Exercise instructions: Print every record exactly, but leave out the pictures.

Input data:
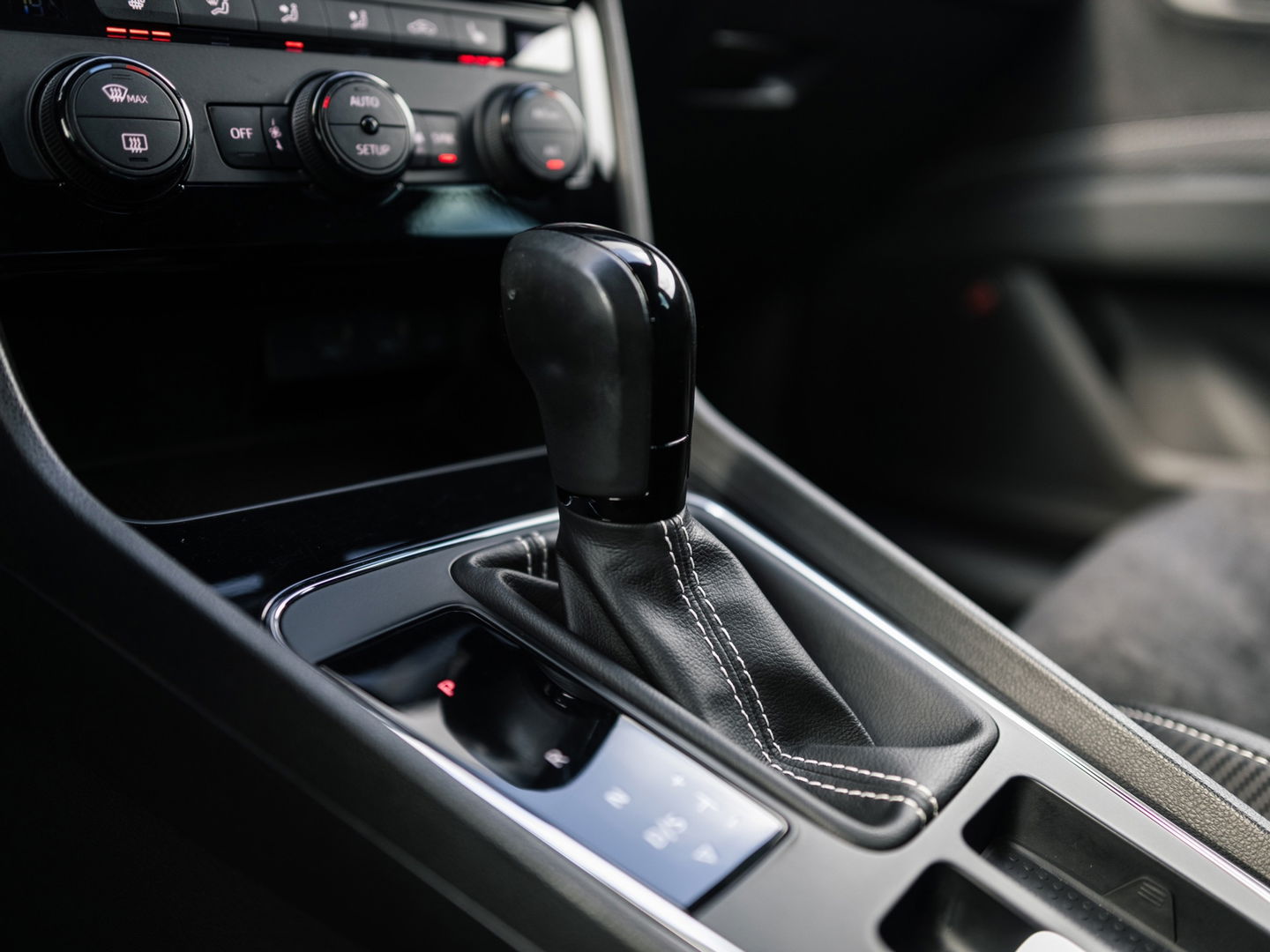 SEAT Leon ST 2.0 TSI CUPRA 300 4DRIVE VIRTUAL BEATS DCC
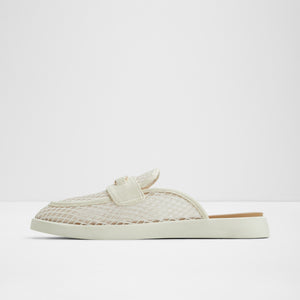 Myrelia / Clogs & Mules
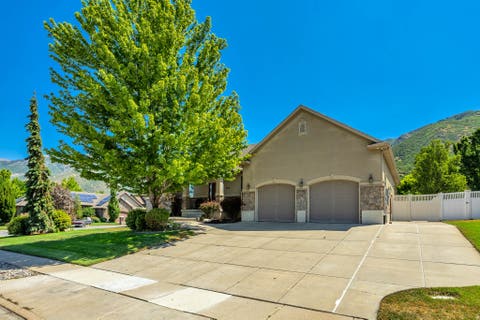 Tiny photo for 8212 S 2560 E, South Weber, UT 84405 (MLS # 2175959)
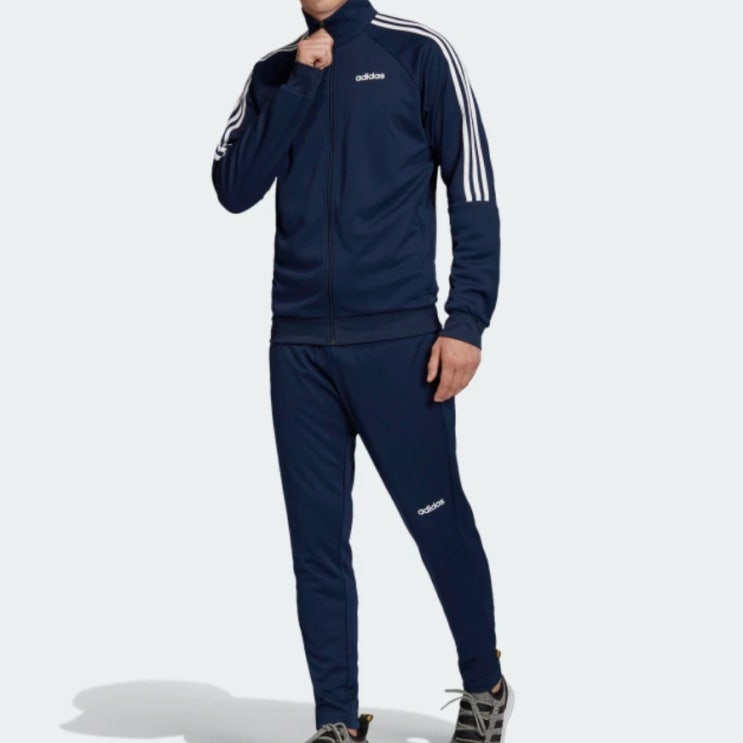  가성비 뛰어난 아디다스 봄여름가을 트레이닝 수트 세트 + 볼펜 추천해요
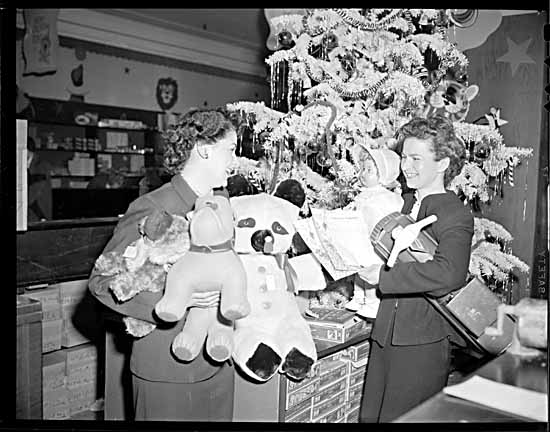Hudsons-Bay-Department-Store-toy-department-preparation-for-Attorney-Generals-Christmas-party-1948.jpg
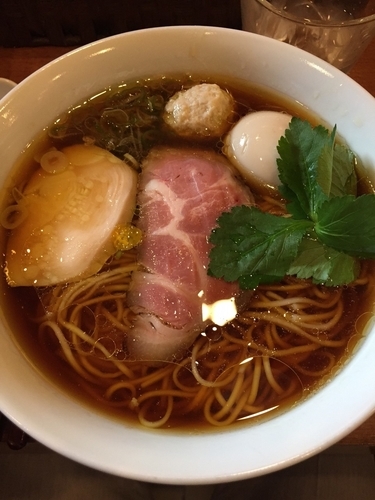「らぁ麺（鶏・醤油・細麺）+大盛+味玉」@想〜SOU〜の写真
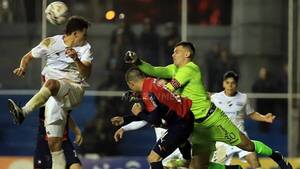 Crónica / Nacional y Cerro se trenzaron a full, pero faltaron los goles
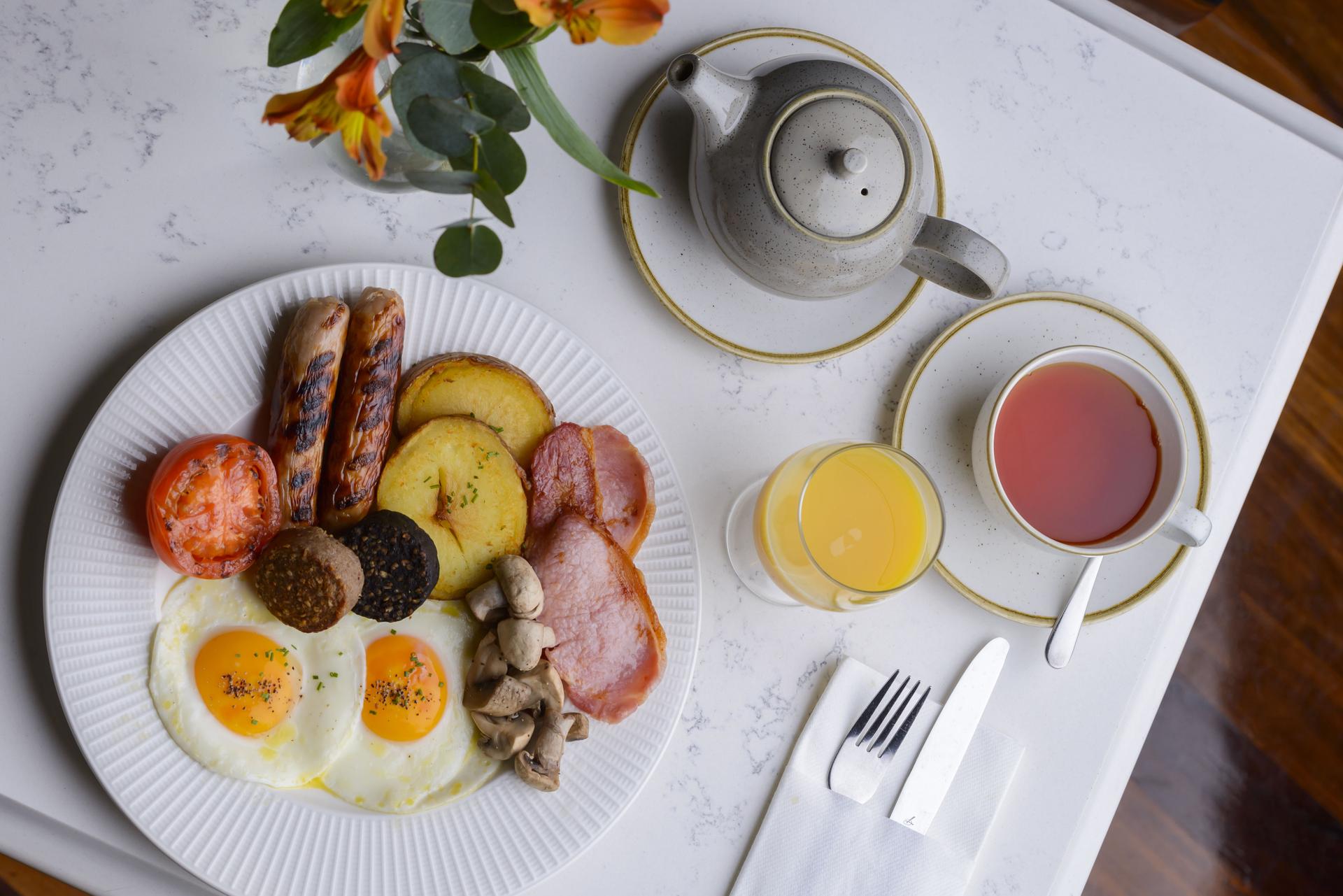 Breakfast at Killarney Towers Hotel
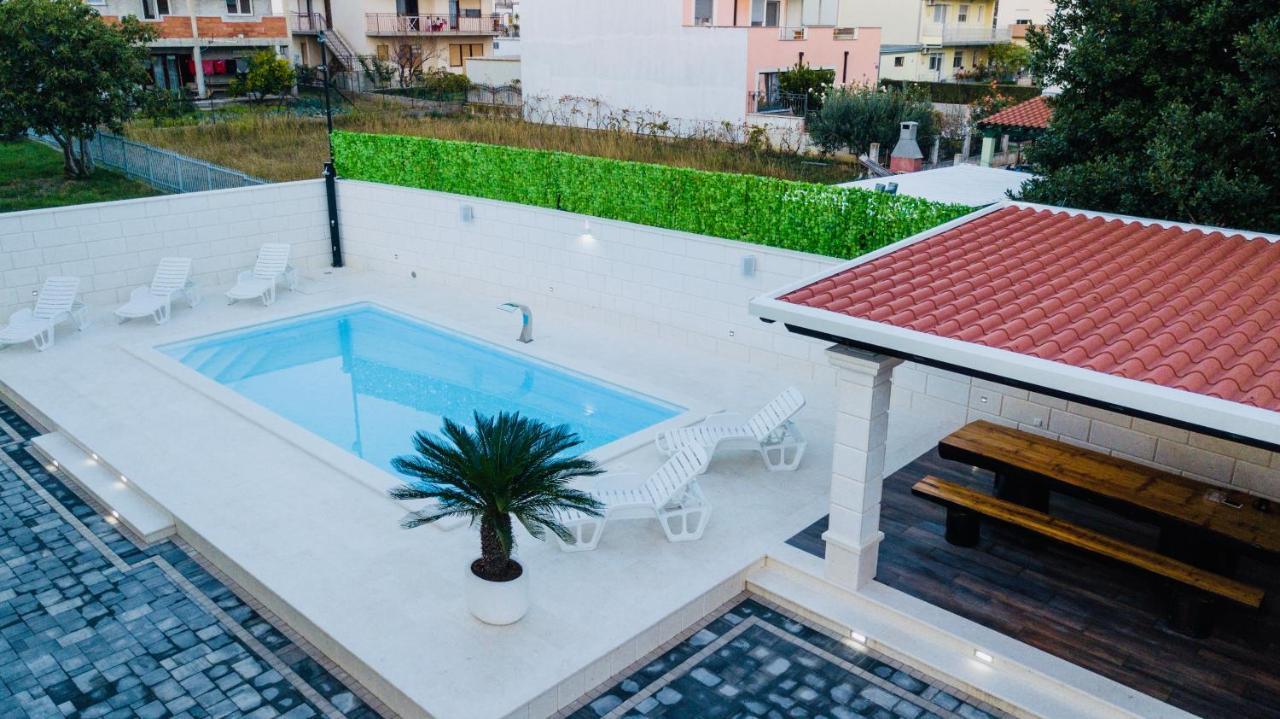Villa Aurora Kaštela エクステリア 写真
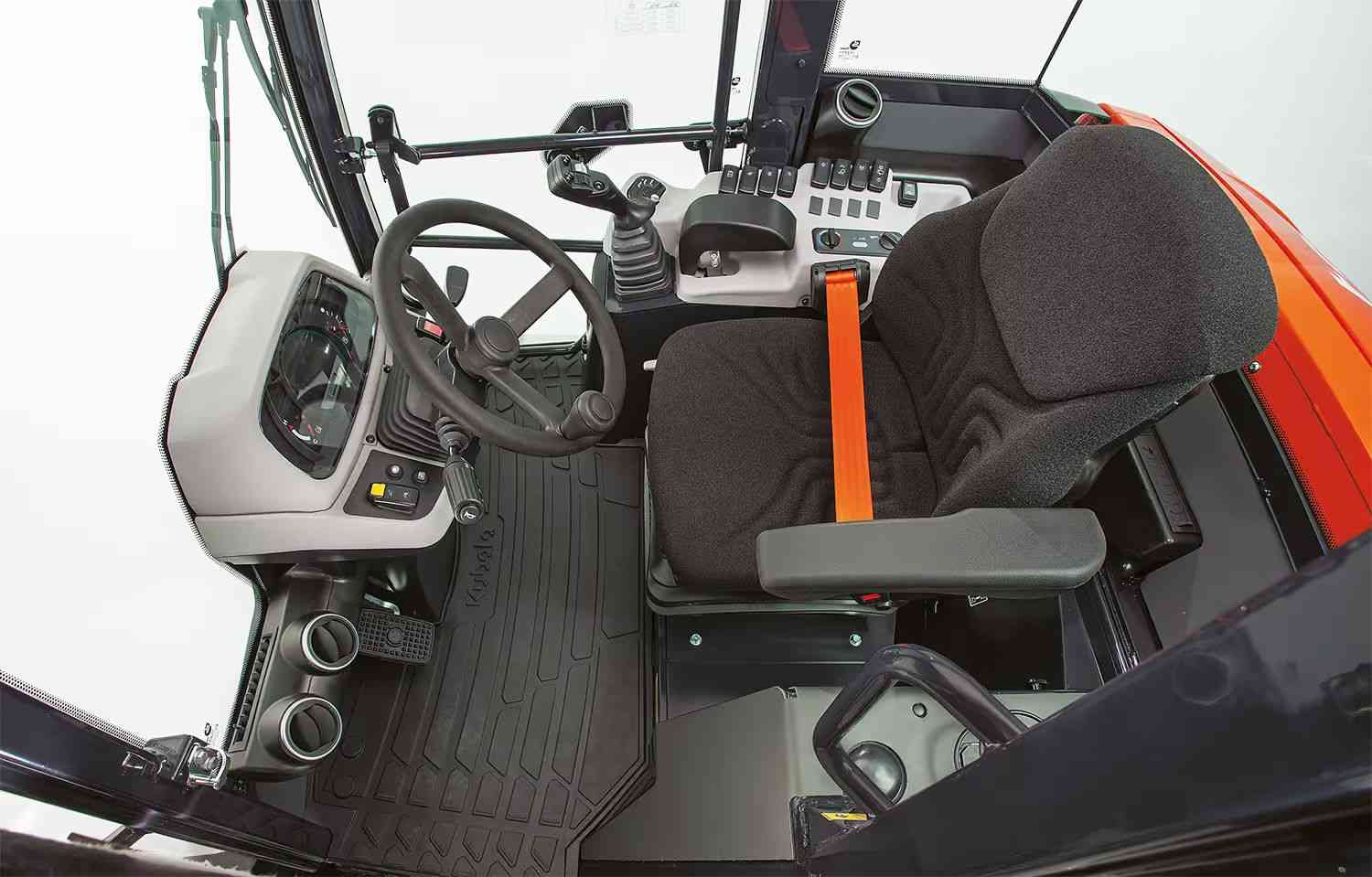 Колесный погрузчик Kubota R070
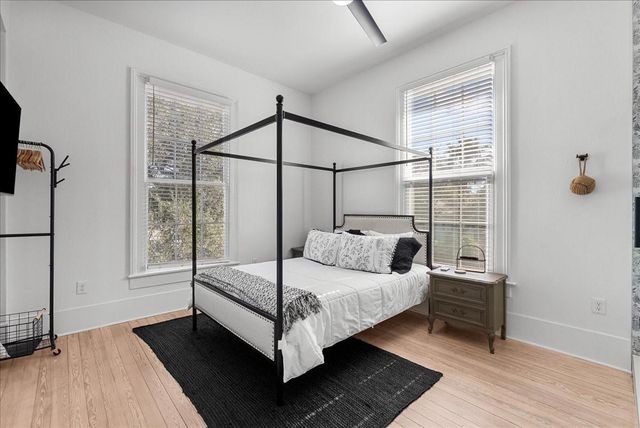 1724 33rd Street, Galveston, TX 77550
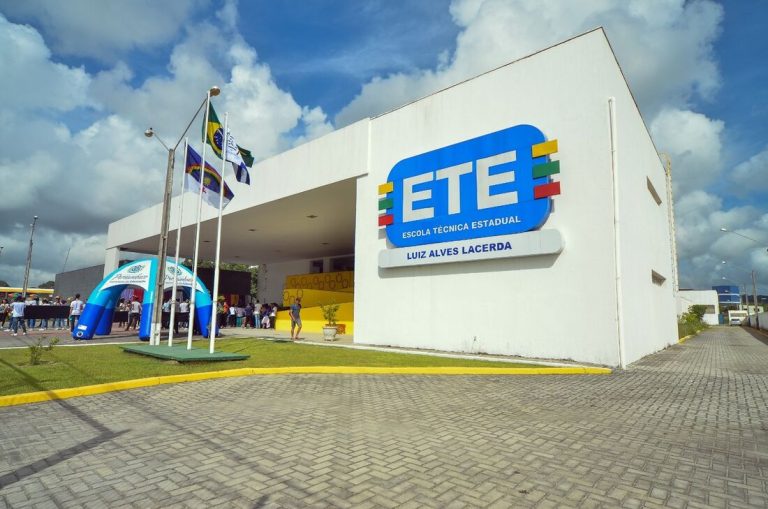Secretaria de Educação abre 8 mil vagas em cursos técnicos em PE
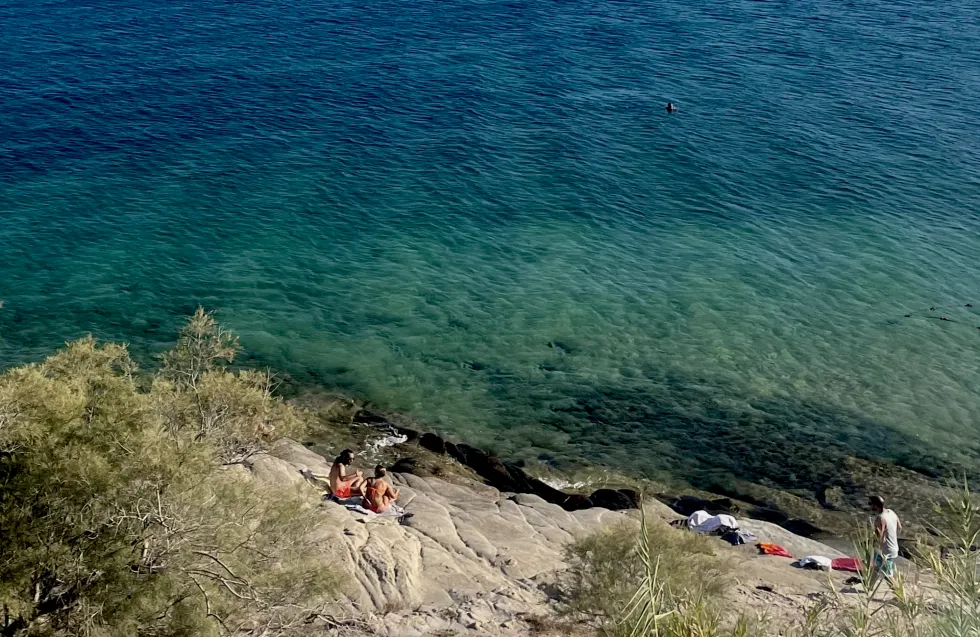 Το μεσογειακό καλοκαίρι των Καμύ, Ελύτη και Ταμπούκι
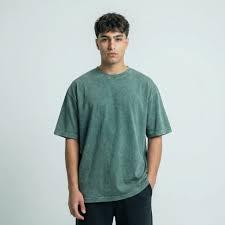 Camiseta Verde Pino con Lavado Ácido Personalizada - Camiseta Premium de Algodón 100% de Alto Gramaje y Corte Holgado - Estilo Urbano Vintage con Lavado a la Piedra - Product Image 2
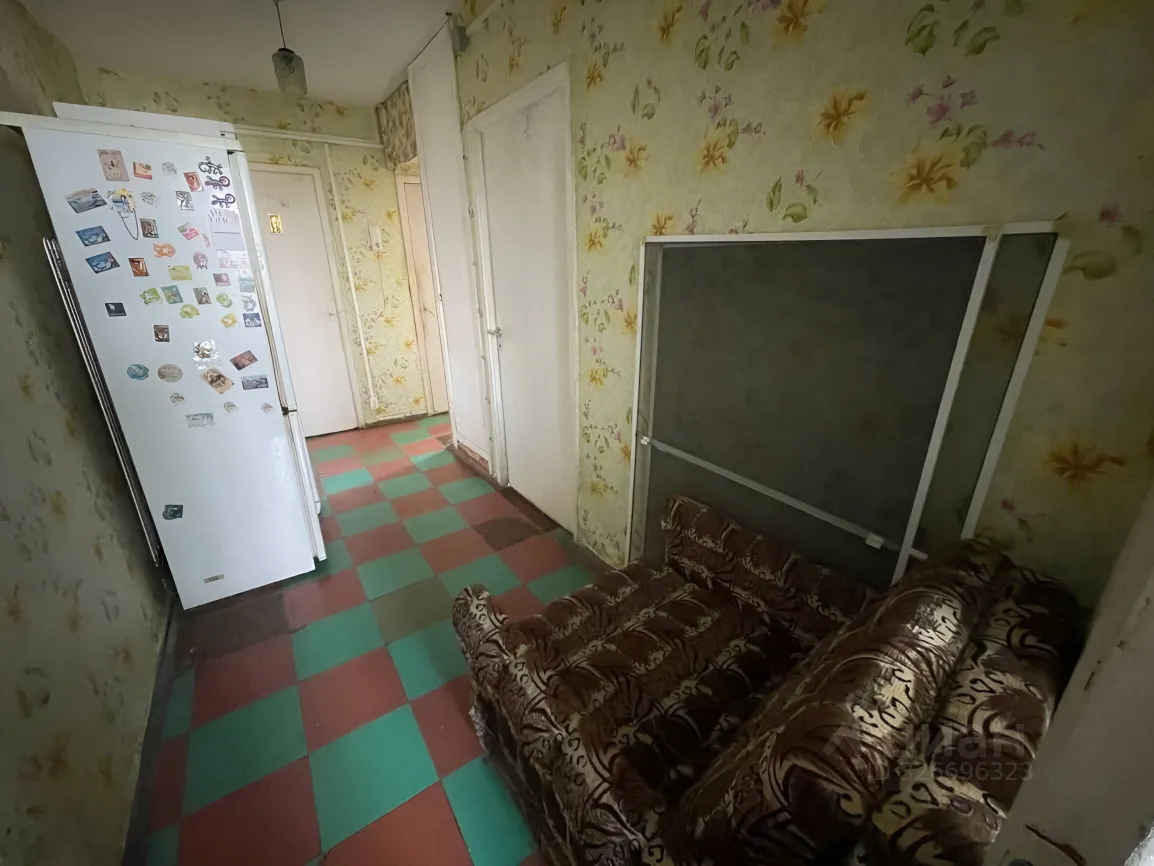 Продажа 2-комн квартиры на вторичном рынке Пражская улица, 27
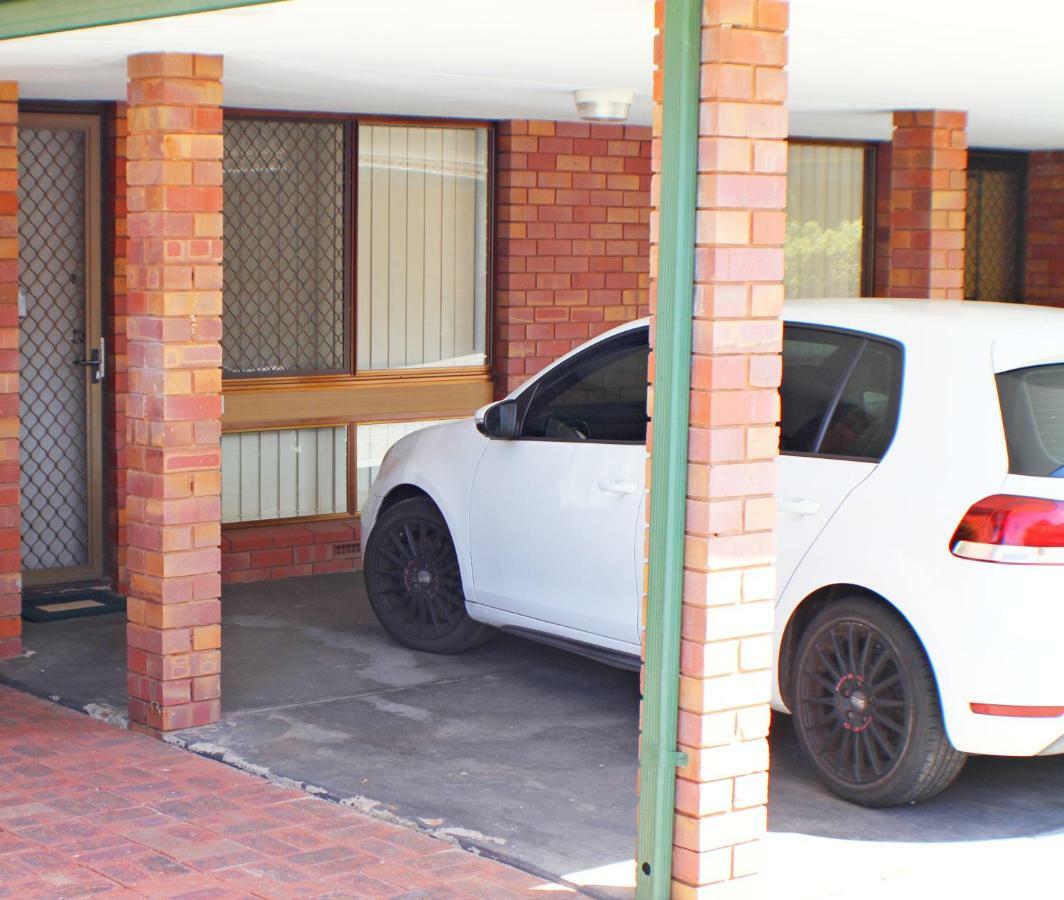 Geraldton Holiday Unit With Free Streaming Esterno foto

Task solution:
 SEAT Leon ST 2.0 TSI CUPRA 300 4DRIVE VIRTUAL BEATS DCC
 Myrelia / Clogs & Mules
 Tiny photo for 8212 S 2560 E, South Weber, UT 84405 (MLS # 2175959)
  가성비 뛰어난 아디다스 봄여름가을 트레이닝 수트 세트 + 볼펜 추천해요
Hudsons-Bay-Department-Store-toy-department-preparation-for-Attorney-Generals-Christmas-party-1948.jpg
「らぁ麺（鶏・醤油・細麺）+大盛+味玉」@想〜SOU〜の写真
 Crónica / Nacional y Cerro se trenzaron a full, pero faltaron los goles
 Breakfast at Killarney Towers Hotel
Villa Aurora Kaštela エクステリア 写真
 Колесный погрузчик Kubota R070
 1724 33rd Street, Galveston, TX 77550
Secretaria de Educação abre 8 mil vagas em cursos técnicos em PE
 Το μεσογειακό καλοκαίρι των Καμύ, Ελύτη και Ταμπούκι
 Camiseta Verde Pino con Lavado Ácido Personalizada - Camiseta Premium de Algodón 100% de Alto Gramaje y Corte Holgado - Estilo Urbano Vintage con Lavado a la Piedra - Product Image 2
 Продажа 2-комн квартиры на вторичном рынке Пражская улица, 27
 Geraldton Holiday Unit With Free Streaming Esterno foto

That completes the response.